### THE PROBLEM
Set down each line from the line holding "Spray Bottles 16.9oz" to the last line of the entries below, exactly, with both ends included and without pictures.
══════
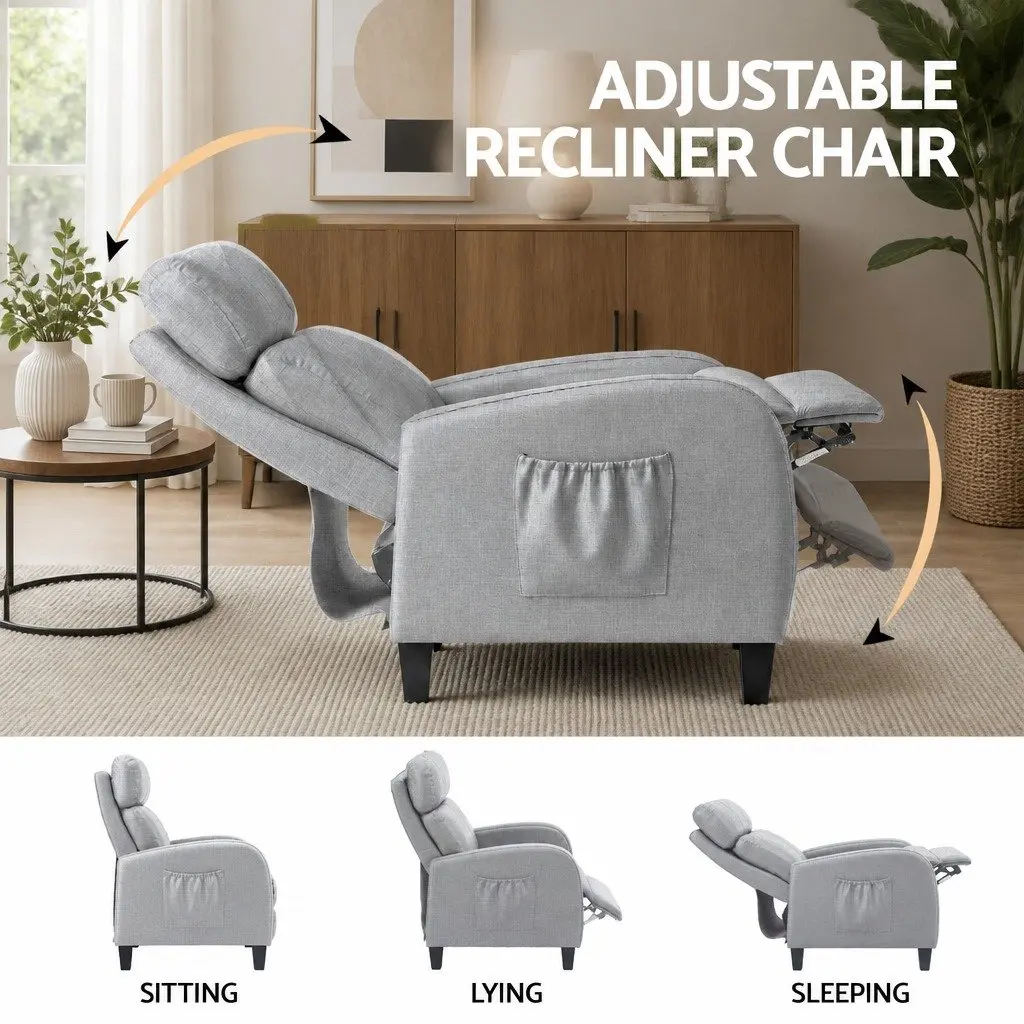 Grey Massage Recliner Chair for Home Relaxation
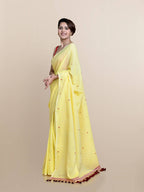 Suta Yellow Maroon Pure Cotton Saree | Grocsy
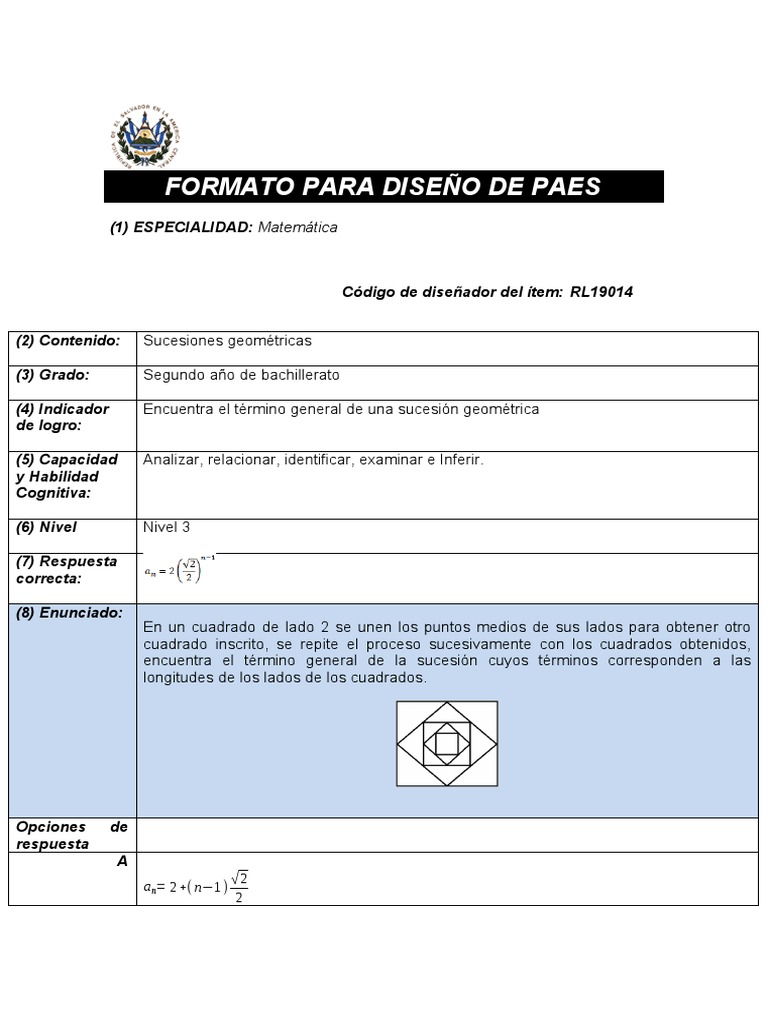 Diseño de PAES: Sucesiones Geométricas | PDF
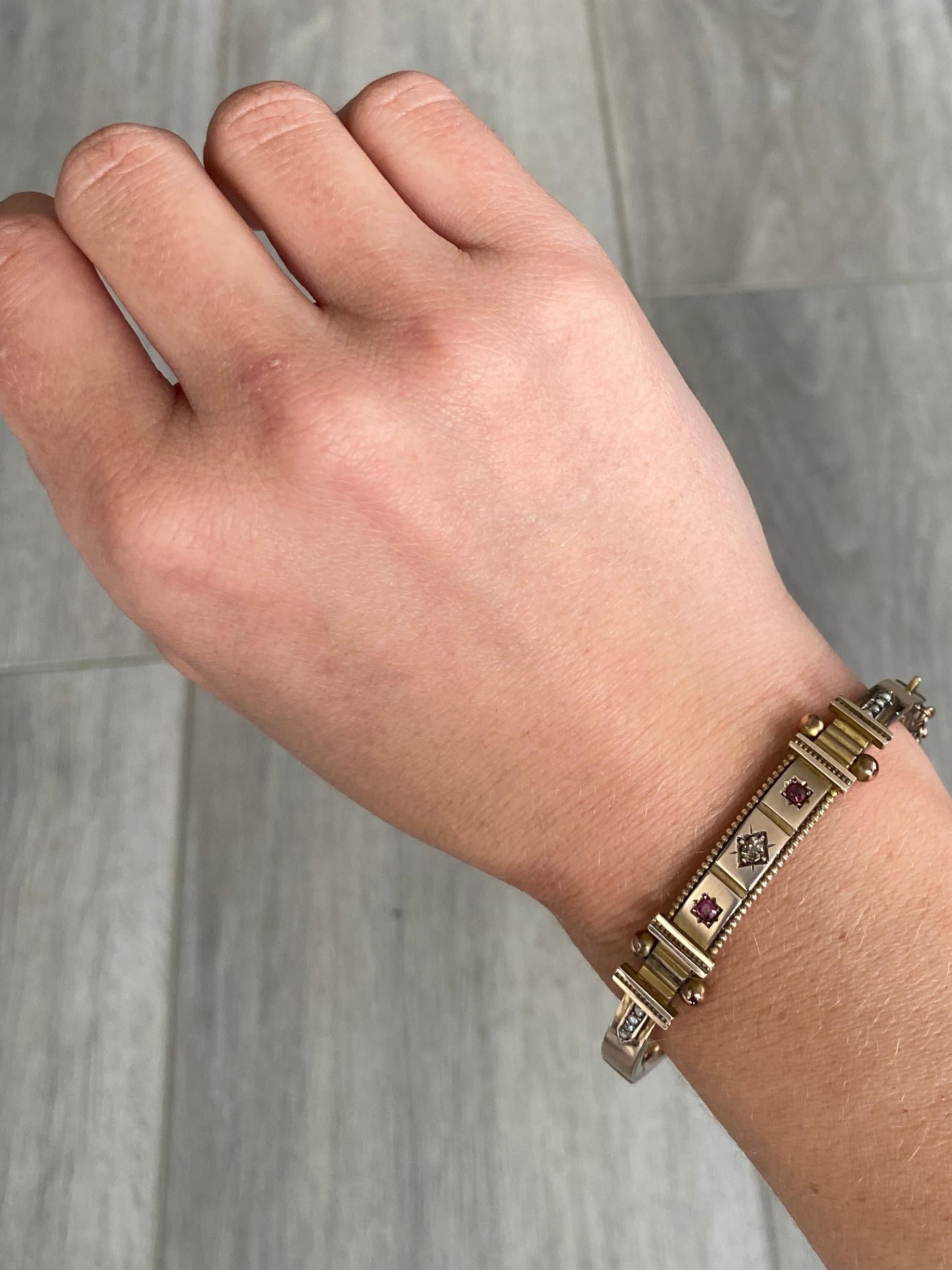 Art Deco Rubin und Diamant 9 Karat Gold Armreif Damen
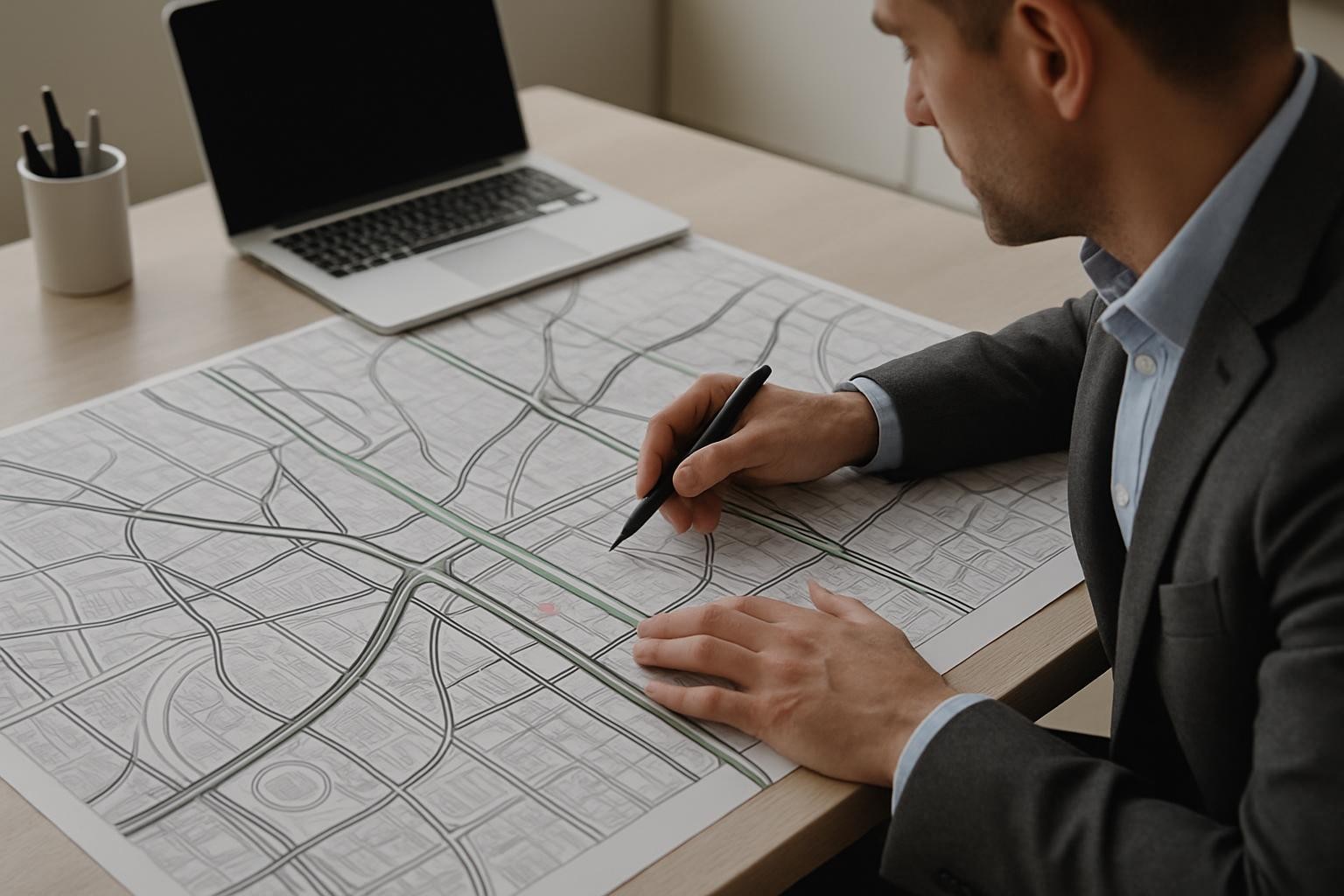 A picture representing transportation planning, such as city maps, traffic flow, road networks, or urban planners working on transit solutions.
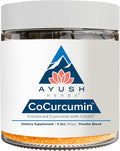 Ayush Herbs CoCurcumin - Turmeric Powder Curcumin Powder with Black Pepper CoQ10 MCT Oil for Glowing Skin Joint Muscle and Gut Health - 4.2 Oz Jar (30 Servings)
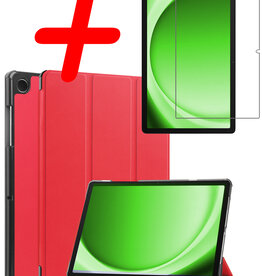BASEY. BASEY. Samsung Galaxy Tab A9 Hoes Met Screenprotector - Rood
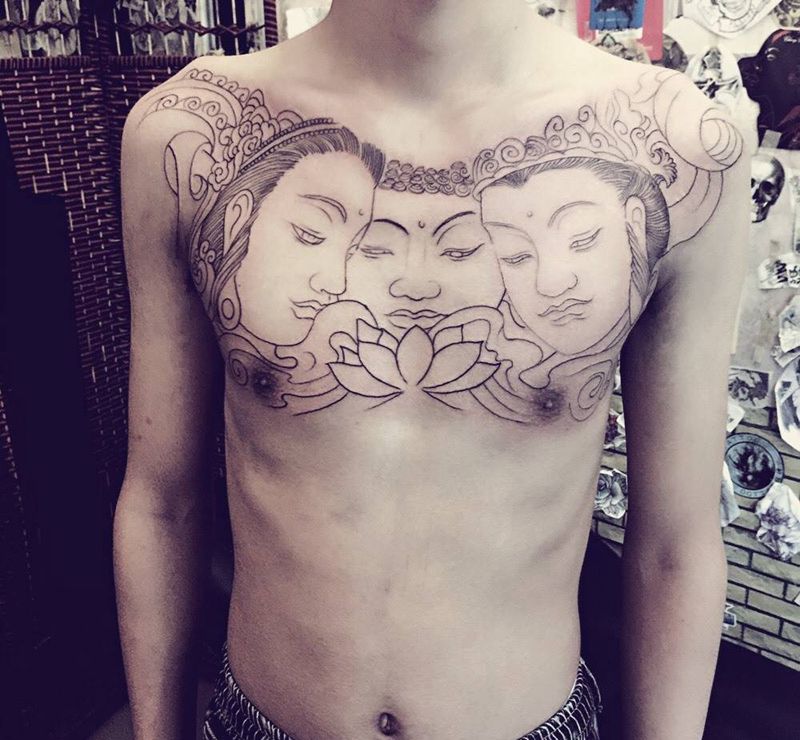 三面佛纹身图片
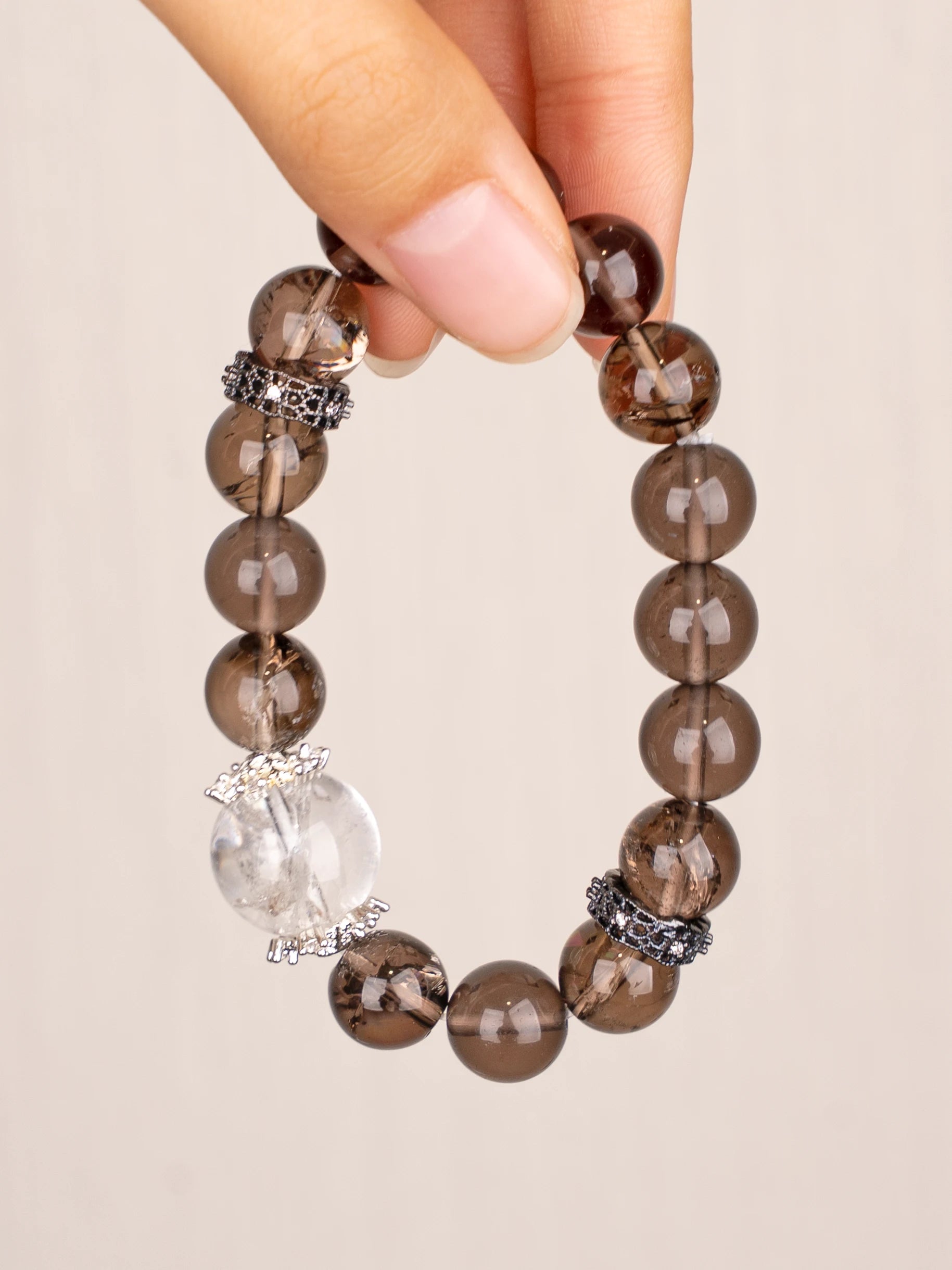 SENLLY Shadow Clarity - Beaded Stretch Bracelet with Natural Smoky Quartz & Clear Quartz, Handcrafted Natural Stone Jewelry for Grounding, Focus & Emotional Balance
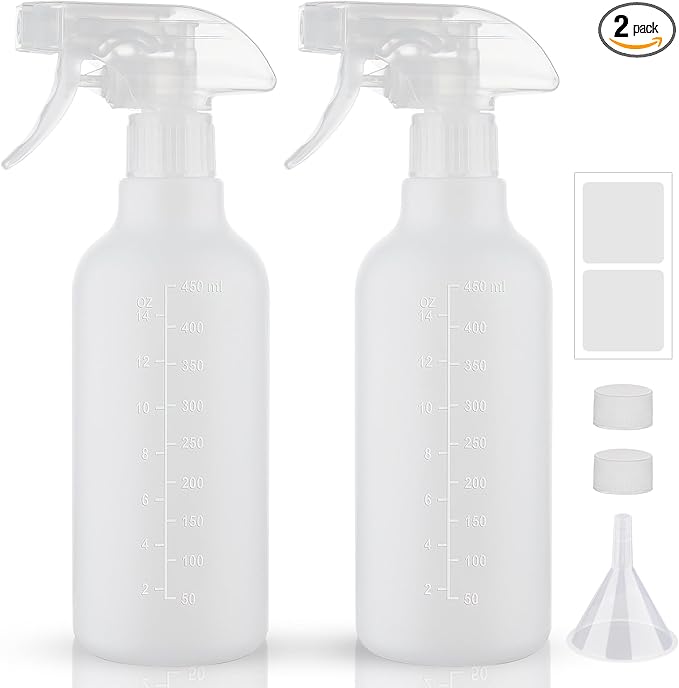 Spray Bottles 16.9oz HDPE Spray Bottle for Hair Mist/Stream Empty Heavy Duty Refillable Containers for Cleaning Solutions, Plants, Vinegar 2 Pack (White, 16.9oz)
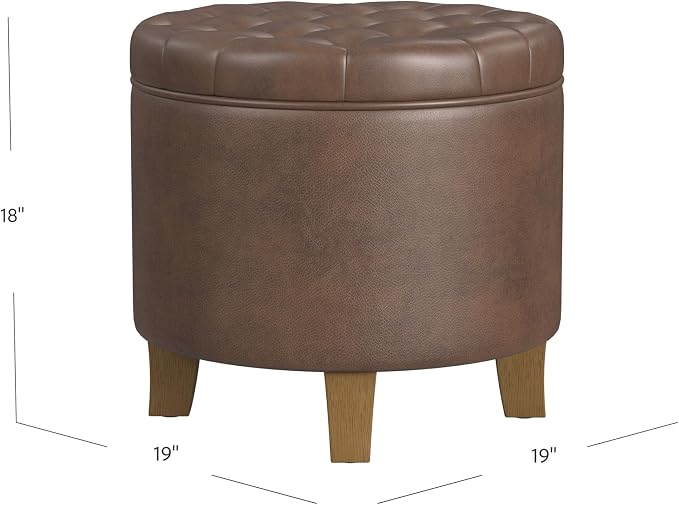 HomePop 19" Faux Leather Button Tufted Round Storage Ottoman - Brown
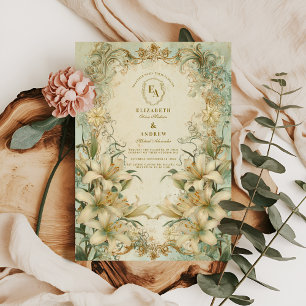 Romantic Ivory Lily Vintage Wedding Invitation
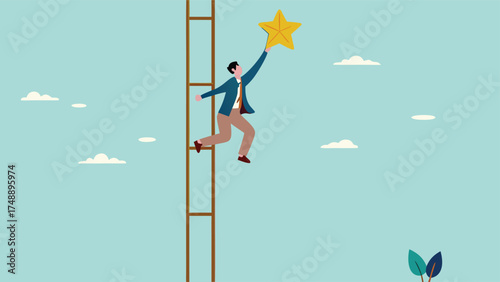 success ladder to reach goal and target, climb up ladder to get new hope, journey to achieve hope of success in business, hope of career development progress, businessman climb ladder to get gold star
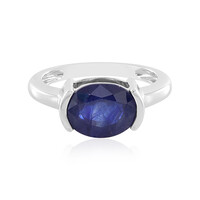 Bague en argent et Saphir bleu de Madagascar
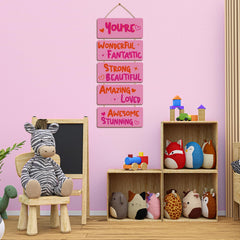 Longan Craft pink room decor inspirational quotes print emphasizes cozy, comforting space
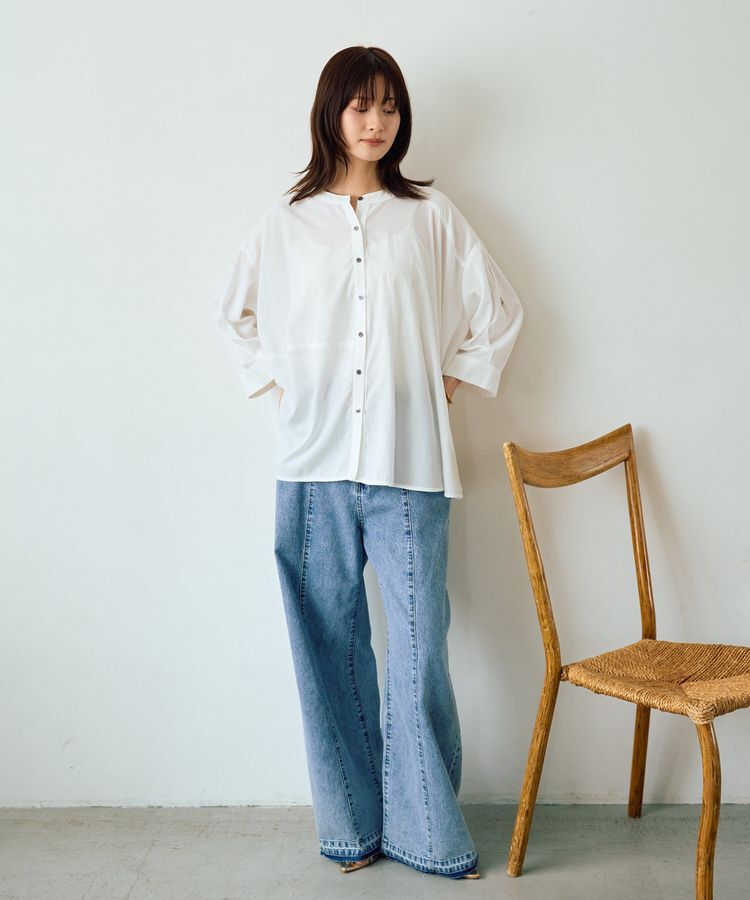 Editt by YECCA VECCA「2wayドロストスリーブバンドカラーシャツ」|シャツ・ブラウス|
══════
### ANSWER SECTION
 Spray Bottles 16.9oz HDPE Spray Bottle for Hair Mist/Stream Empty Heavy Duty Refillable Containers for Cleaning Solutions, Plants, Vinegar 2 Pack (White, 16.9oz)
 HomePop 19" Faux Leather Button Tufted Round Storage Ottoman - Brown
 Romantic Ivory Lily Vintage Wedding Invitation
 success ladder to reach goal and target, climb up ladder to get new hope, journey to achieve hope of success in business, hope of career development progress, businessman climb ladder to get gold star
 Bague en argent et Saphir bleu de Madagascar
 Longan Craft pink room decor inspirational quotes print emphasizes cozy, comforting space
 Editt by YECCA VECCA「2wayドロストスリーブバンドカラーシャツ」|シャツ・ブラウス|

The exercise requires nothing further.